* **Task data**:
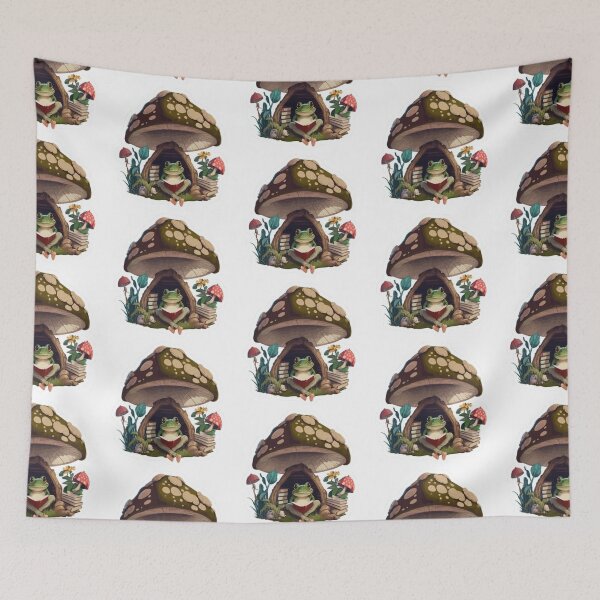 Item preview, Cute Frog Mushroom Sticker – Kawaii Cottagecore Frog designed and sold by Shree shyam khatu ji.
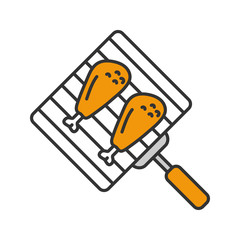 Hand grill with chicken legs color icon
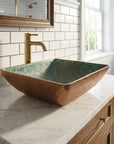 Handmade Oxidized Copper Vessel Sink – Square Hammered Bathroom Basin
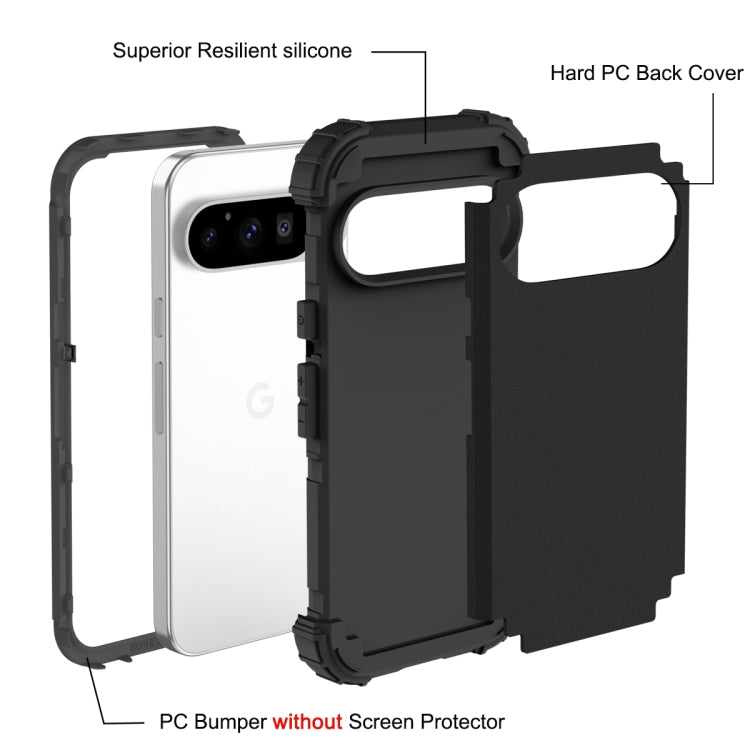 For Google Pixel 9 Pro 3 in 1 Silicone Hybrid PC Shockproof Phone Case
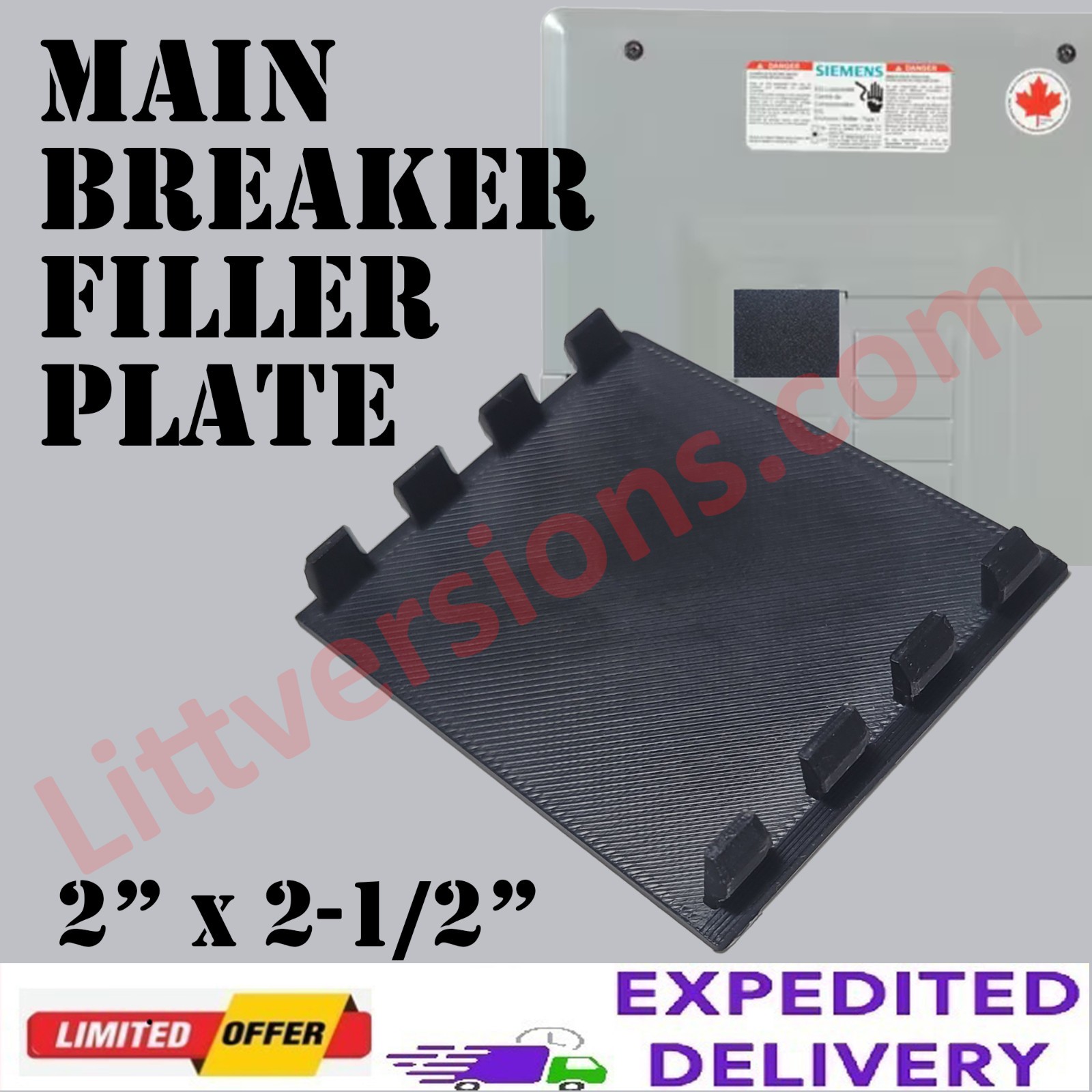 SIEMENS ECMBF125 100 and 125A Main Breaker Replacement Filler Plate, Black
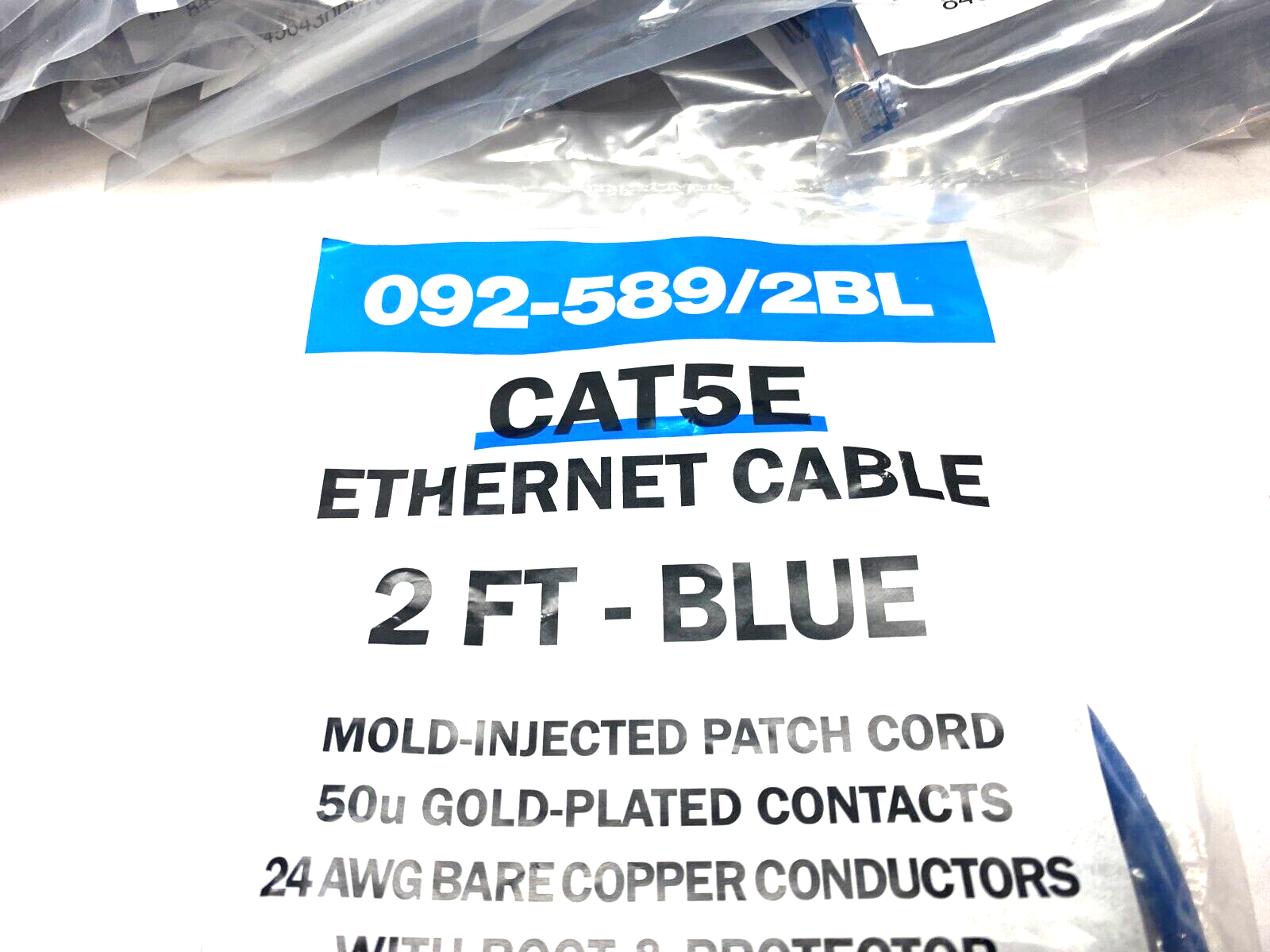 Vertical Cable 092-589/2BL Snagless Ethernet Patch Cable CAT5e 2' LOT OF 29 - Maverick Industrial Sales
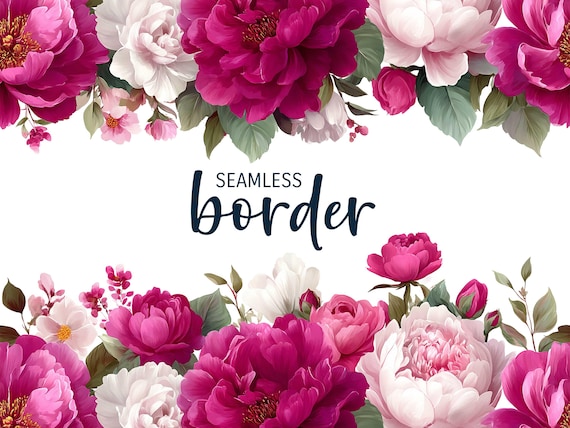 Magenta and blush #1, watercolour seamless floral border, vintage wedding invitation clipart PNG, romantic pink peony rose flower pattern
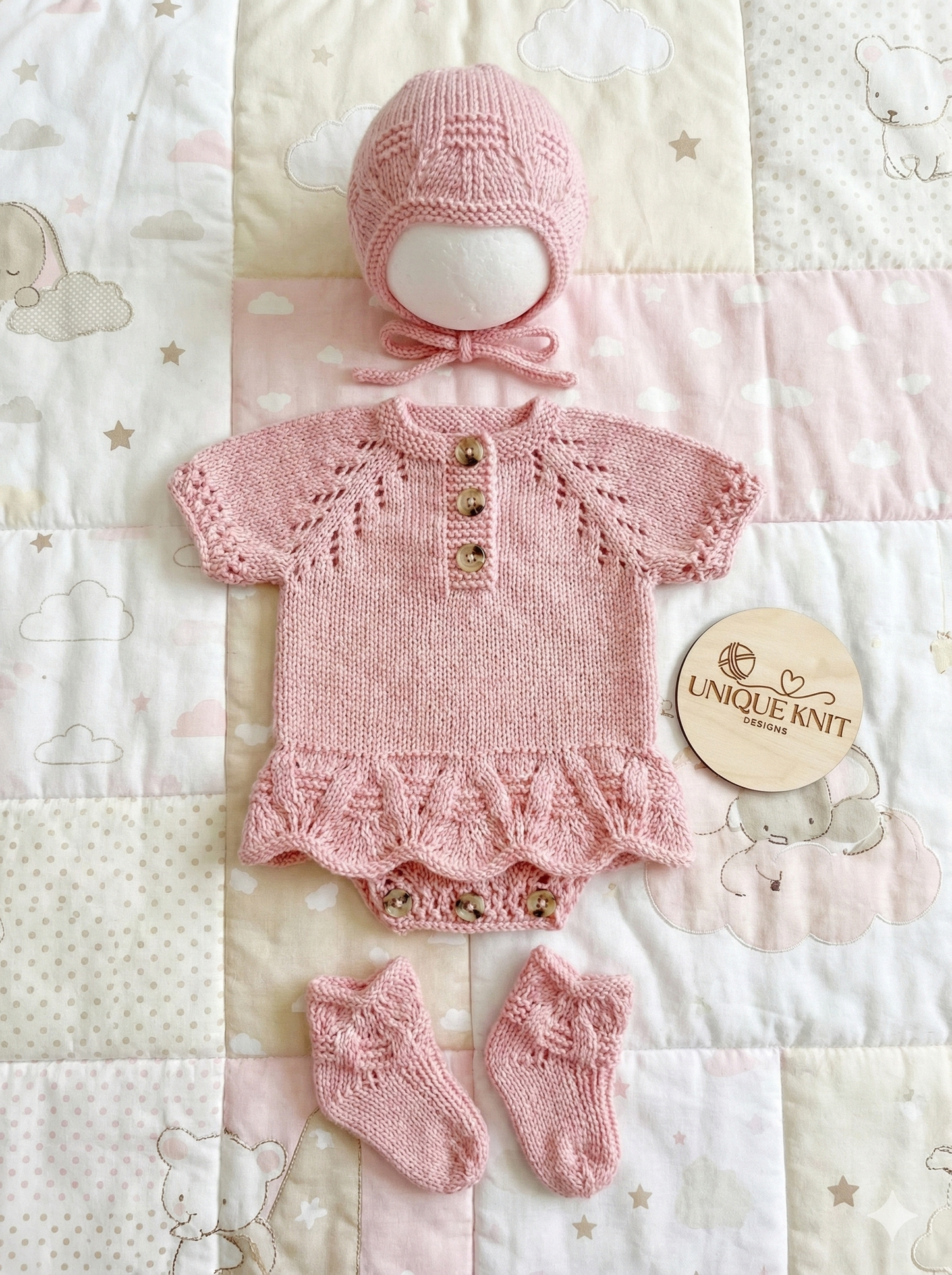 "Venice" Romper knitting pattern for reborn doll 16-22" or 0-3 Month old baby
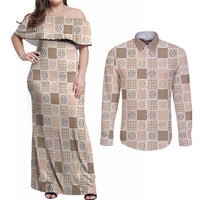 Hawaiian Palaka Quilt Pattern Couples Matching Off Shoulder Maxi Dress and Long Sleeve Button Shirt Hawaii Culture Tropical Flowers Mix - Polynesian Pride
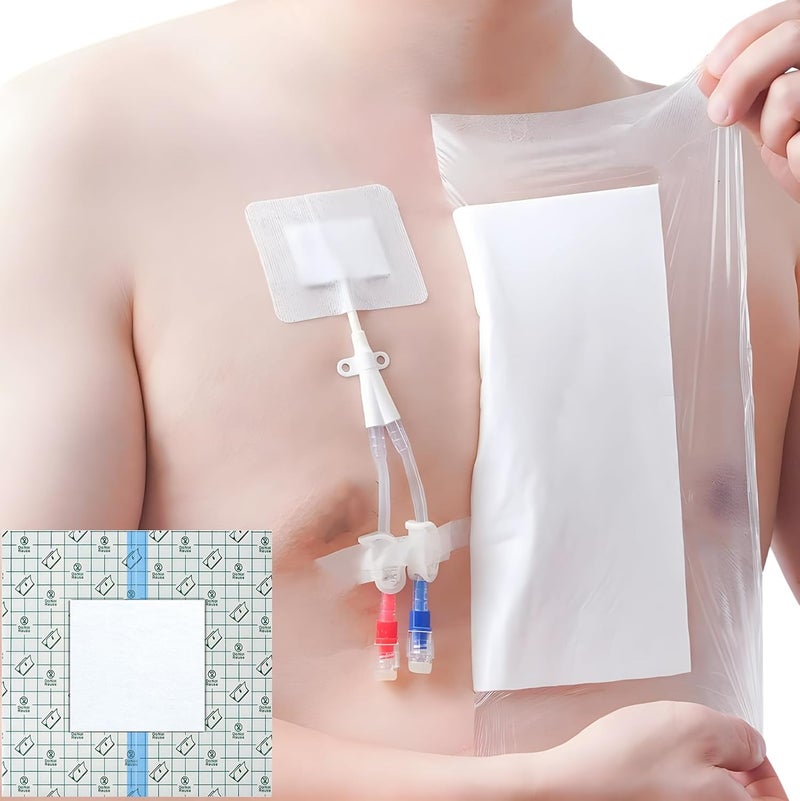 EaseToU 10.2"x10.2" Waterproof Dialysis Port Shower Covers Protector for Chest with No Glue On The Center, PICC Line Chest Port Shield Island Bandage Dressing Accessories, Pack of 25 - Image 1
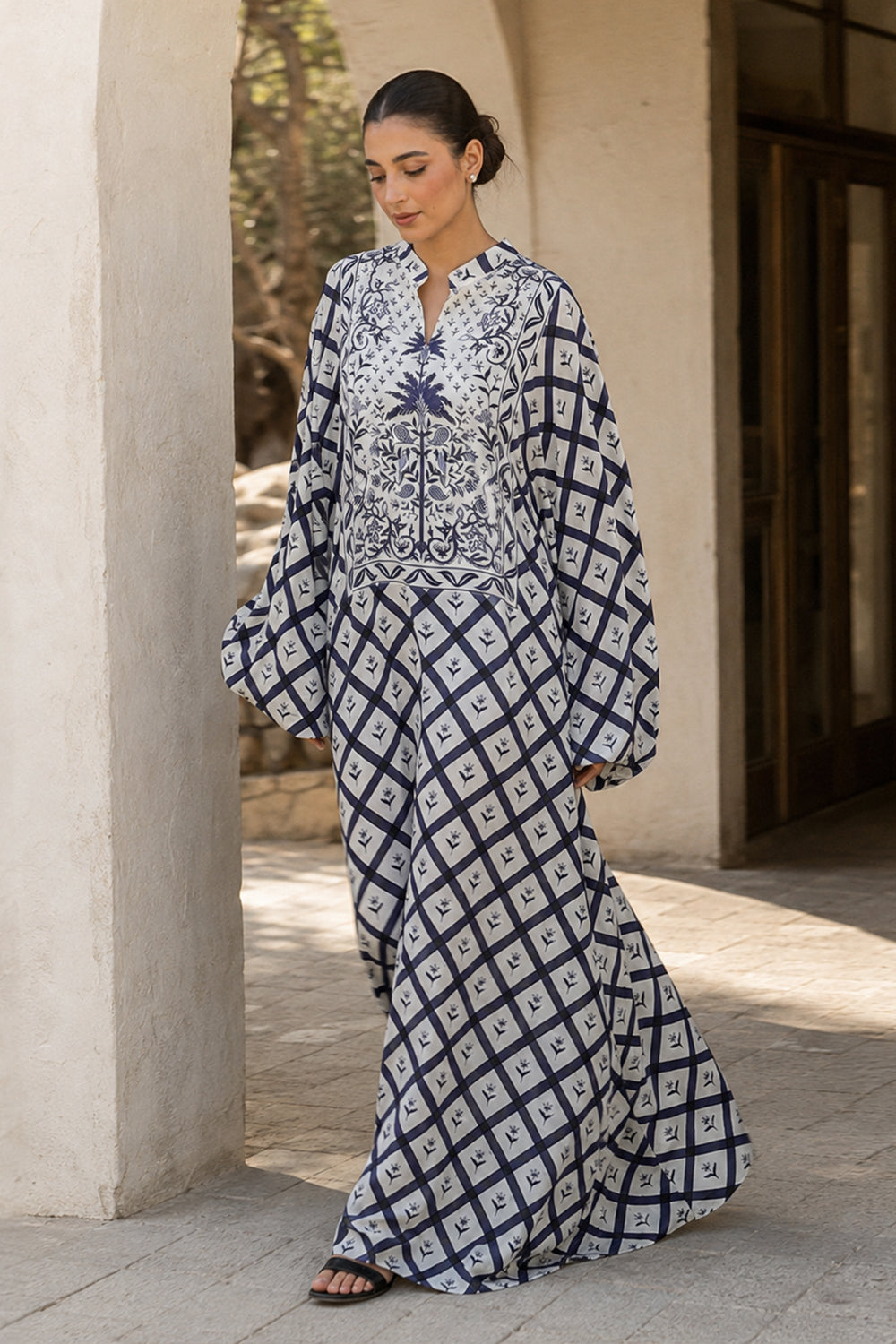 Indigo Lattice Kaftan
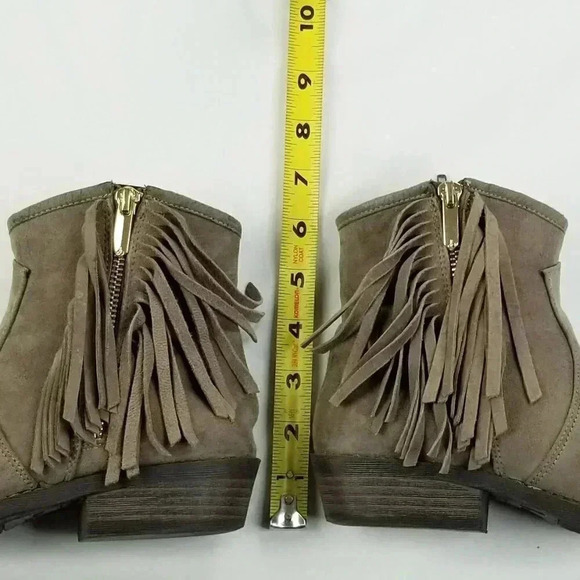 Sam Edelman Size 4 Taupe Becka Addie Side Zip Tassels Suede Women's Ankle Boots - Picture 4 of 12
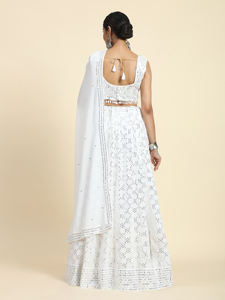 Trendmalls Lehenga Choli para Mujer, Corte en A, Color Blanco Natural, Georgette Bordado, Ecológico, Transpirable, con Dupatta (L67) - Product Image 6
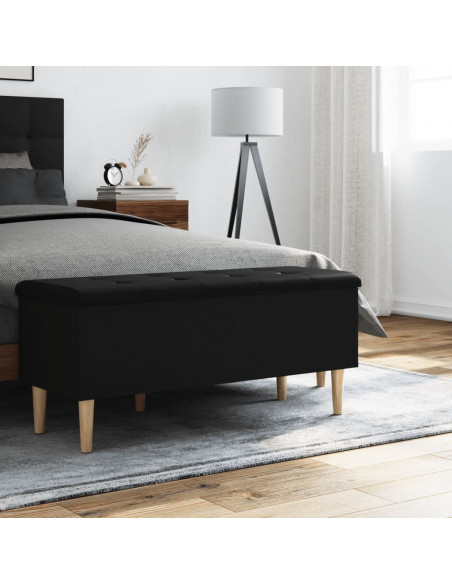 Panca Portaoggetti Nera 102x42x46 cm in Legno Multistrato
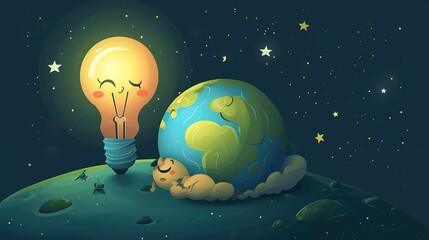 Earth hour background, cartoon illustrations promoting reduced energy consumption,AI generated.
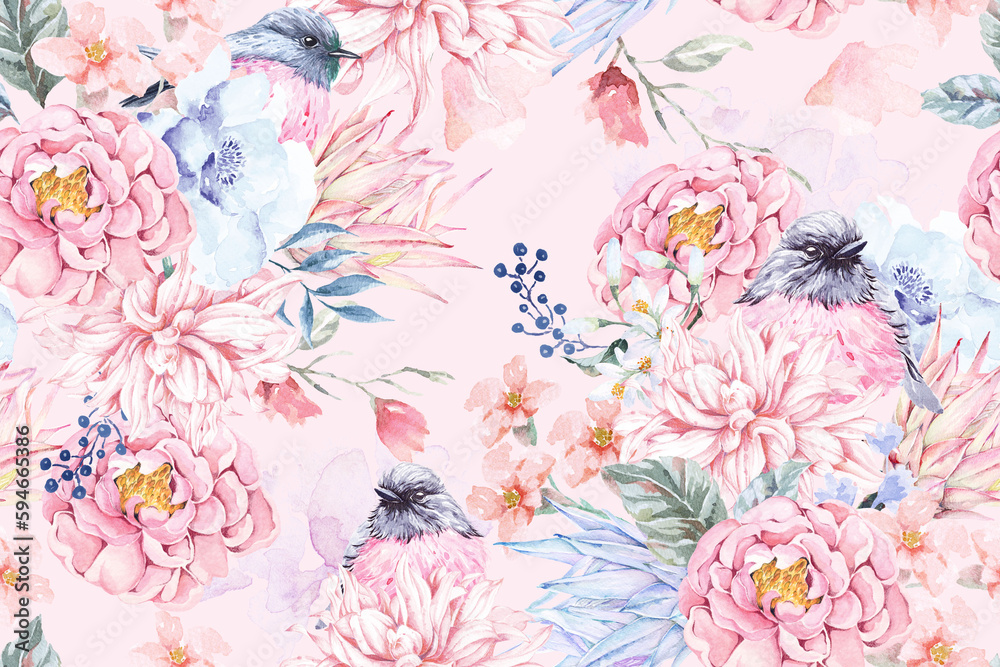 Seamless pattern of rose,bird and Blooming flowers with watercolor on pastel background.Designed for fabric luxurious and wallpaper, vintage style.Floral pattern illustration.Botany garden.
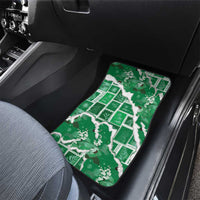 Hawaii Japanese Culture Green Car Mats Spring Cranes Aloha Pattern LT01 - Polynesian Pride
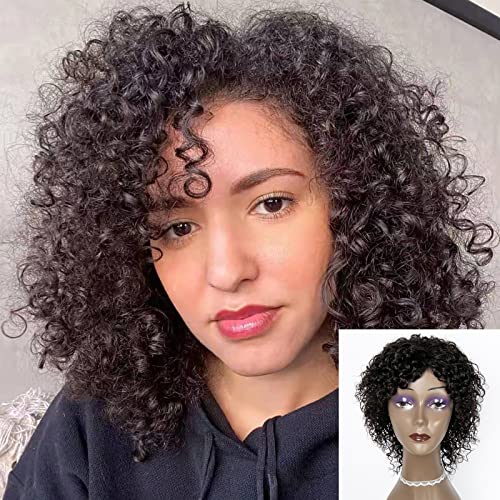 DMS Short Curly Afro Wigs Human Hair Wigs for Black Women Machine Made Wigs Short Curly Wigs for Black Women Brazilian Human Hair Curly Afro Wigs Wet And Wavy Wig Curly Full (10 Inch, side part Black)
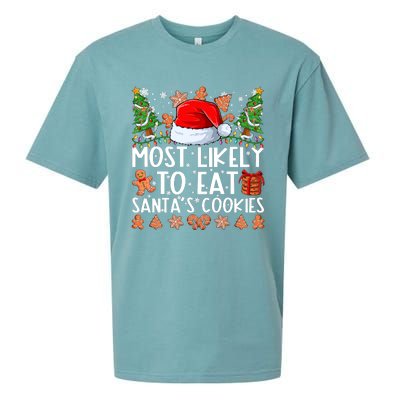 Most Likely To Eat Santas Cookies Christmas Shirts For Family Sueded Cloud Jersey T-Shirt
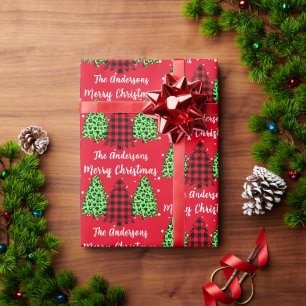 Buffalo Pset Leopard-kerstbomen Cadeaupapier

* **What you will do**:
Your answer is an exact copy of the records above, stripped of pictures.

* **Exercise answer**:
 Item preview, Cute Frog Mushroom Sticker – Kawaii Cottagecore Frog designed and sold by Shree shyam khatu ji.
 Hand grill with chicken legs color icon
 Handmade Oxidized Copper Vessel Sink – Square Hammered Bathroom Basin
 For Google Pixel 9 Pro 3 in 1 Silicone Hybrid PC Shockproof Phone Case
 SIEMENS ECMBF125 100 and 125A Main Breaker Replacement Filler Plate, Black
 Vertical Cable 092-589/2BL Snagless Ethernet Patch Cable CAT5e 2' LOT OF 29 - Maverick Industrial Sales
 Magenta and blush #1, watercolour seamless floral border, vintage wedding invitation clipart PNG, romantic pink peony rose flower pattern
 "Venice" Romper knitting pattern for reborn doll 16-22" or 0-3 Month old baby
 Hawaiian Palaka Quilt Pattern Couples Matching Off Shoulder Maxi Dress and Long Sleeve Button Shirt Hawaii Culture Tropical Flowers Mix - Polynesian Pride
 EaseToU 10.2"x10.2" Waterproof Dialysis Port Shower Covers Protector for Chest with No Glue On The Center, PICC Line Chest Port Shield Island Bandage Dressing Accessories, Pack of 25 - Image 1
 Indigo Lattice Kaftan
 Sam Edelman Size 4 Taupe Becka Addie Side Zip Tassels Suede Women's Ankle Boots - Picture 4 of 12
 Trendmalls Lehenga Choli para Mujer, Corte en A, Color Blanco Natural, Georgette Bordado, Ecológico, Transpirable, con Dupatta (L67) - Product Image 6
 Panca Portaoggetti Nera 102x42x46 cm in Legno Multistrato
 Earth hour background, cartoon illustrations promoting reduced energy consumption,AI generated.
 Seamless pattern of rose,bird and Blooming flowers with watercolor on pastel background.Designed for fabric luxurious and wallpaper, vintage style.Floral pattern illustration.Botany garden.
 Hawaii Japanese Culture Green Car Mats Spring Cranes Aloha Pattern LT01 - Polynesian Pride
 DMS Short Curly Afro Wigs Human Hair Wigs for Black Women Machine Made Wigs Short Curly Wigs for Black Women Brazilian Human Hair Curly Afro Wigs Wet And Wavy Wig Curly Full (10 Inch, side part Black)
 Most Likely To Eat Santas Cookies Christmas Shirts For Family Sueded Cloud Jersey T-Shirt
 Buffalo Pset Leopard-kerstbomen Cadeaupapier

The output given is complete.